David Oliver said...

One of the reasons I had so much trouble remembering some of the details was I had read about one quarter of the book maybe 10 years ago. One day my younger son mentioned the book and I said I had liked what I'd read but misplaced it and forgotten where it was. He said, "Dad, it's in the bookcase with the marker where you left off."
So I finally got around to finishing it.

David Oliver said...

I think in most literature, comics, whatever, Morgan Le Fay is Arthur's enemy. In "Yankee" she is not really portrayed that way. She is introduced as Arthur's sister, a great and powerful sorceress but she doesn't perform any sorcery. She is pretty portrayed as just a powerful and head strong woman.

Yep, he absolutely pooh-pooh'd their supernatural beliefs. Whenever possible he tried to discredit Merlin.

A Beer For The Shower said...

I've read a lot of Twain (and love it) but never read this. I'm going to have to check it out. To sound like a really old guy, my favorite satirical look at technology was Charlie Chaplin's movie Modern Times. Still relevant in this day and age, and can still make me laugh.

David Oliver said...

One night while on a date with a lady near my age, we were talking about good movies and I mentioned "Bonnie and Clyde." She said, "but David, it's old." So I said, "so are we but we're still good."
Thanks guys. I've never seen any of Chaplin's work. I'll check it out.

Phillip Oliver said...

Have you read any of Flannery yet?

Carol in Cairns said...

Great ~ a book review :)

David Oliver said...

Phillip I haven't. :(
But I have not forgotten and was reminded Saturday when No. 1 called.
Hopefully I'll get to it before we get together again and we can talk about it.

David Oliver said...

Thanks Carol. I felt totally unqualified to do it but as I've often heard bloggers say, "that never stopped me before." Seriously and truthfully though, I don't think we need to be experts. It is like friends and acquaintances talking but you have to time to gather your thoughts.
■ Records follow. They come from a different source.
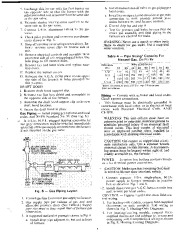 Carrier Owners Manual page 5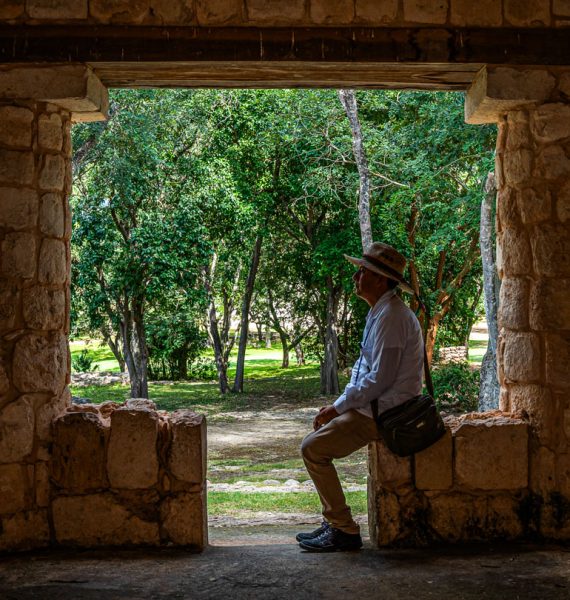 Guía digital de viajes responsables para descubrir Yucatán que promueve un turismo responsable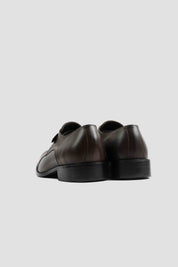 Cap Toe Derby
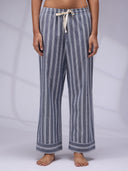 'IT'S YOU ALWAYS' PRINTED NIGHT SUIT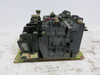 Allen Bradley 520E-BOD Size 1 2 Speed Starter 120V Coil 27A 520E-B0D No Heaters (BJ1119-1)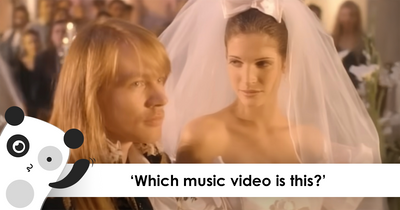 These 23 Music Videos Are Iconic: Let’s See How Many You Can Guess From A Frame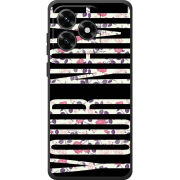 Чехол BoxFace Honor X5c Plus 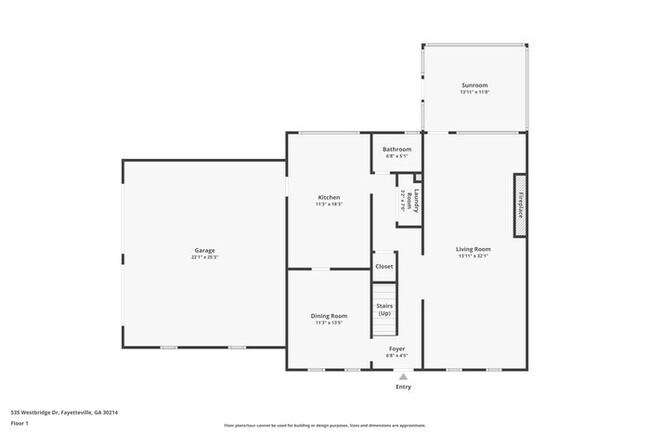 Building Photo - 535 Westbridge Dr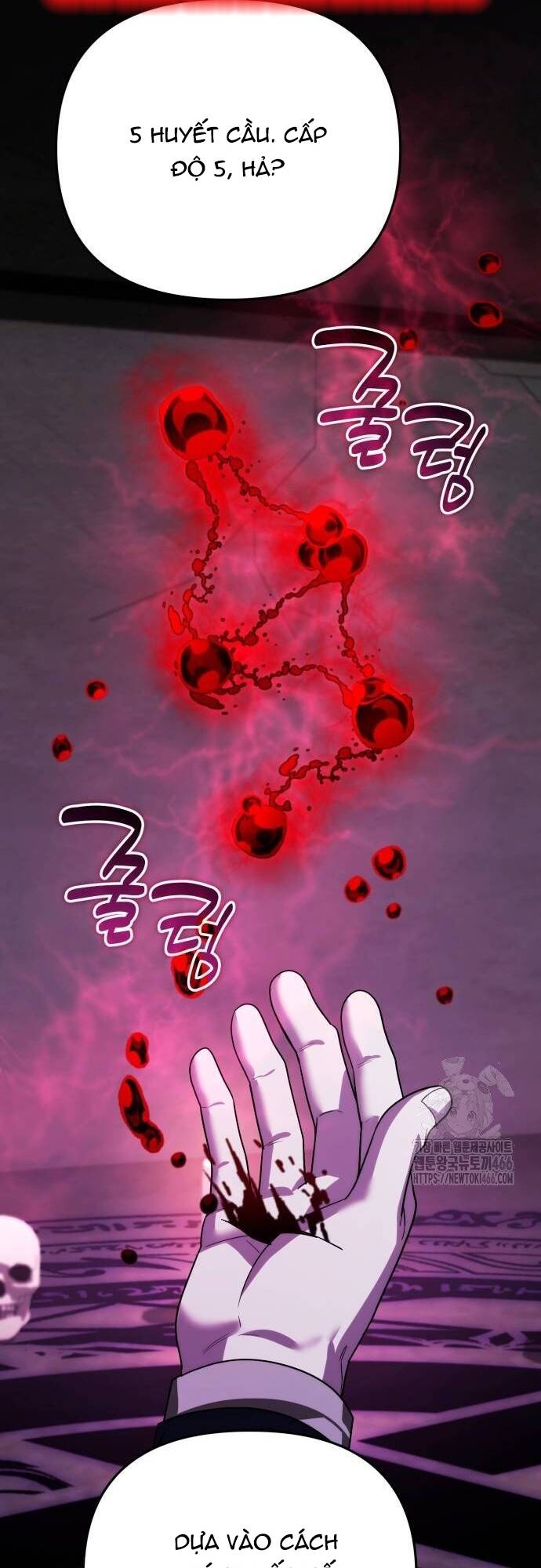 Bản Ngã Thay Đổi chapter 17 14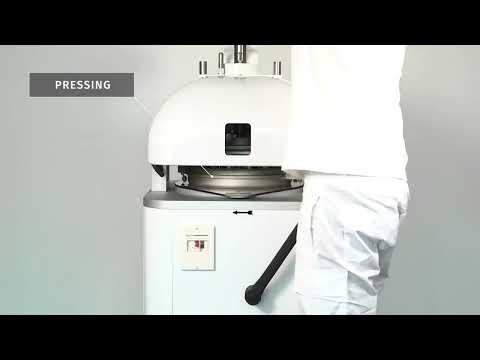 Vitella Manual Divider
Rawknrobyn.blogspot.com said...

I really like this message, David: "power and greed can obliterate any feeling for humanity." Nicely worded and so true. Your review is thoughtful and fair. I'm easily horrified at the mere thought of considering watching a horror movie, so I'm passing on this book, but I appreciate your review. Twain was brilliant.

xoRobyn

David Oliver said...

Thanks Robyn. Of course Twain does not describe any of the cruel events in "Yankee" the way a horror book or movie would, but he puts you there, makes you identify with the victims. And that for me was tough. I think you are right about passing on it.

I agree he was brilliant.

troutbirder said...

I like satire. Twain was very good at it. I think I saw the movie too on late night cable...:)

David Oliver said...

I take it the movie must not have been great unless you are like me and forget most of them. If I run across it, I'll try to watch it.

John Gray said...

I hated the movie but after reading this I may give the book a visit

David Oliver said...

John, there were parts that were like a good novel that you can't put down. Other parts I struggled getting through.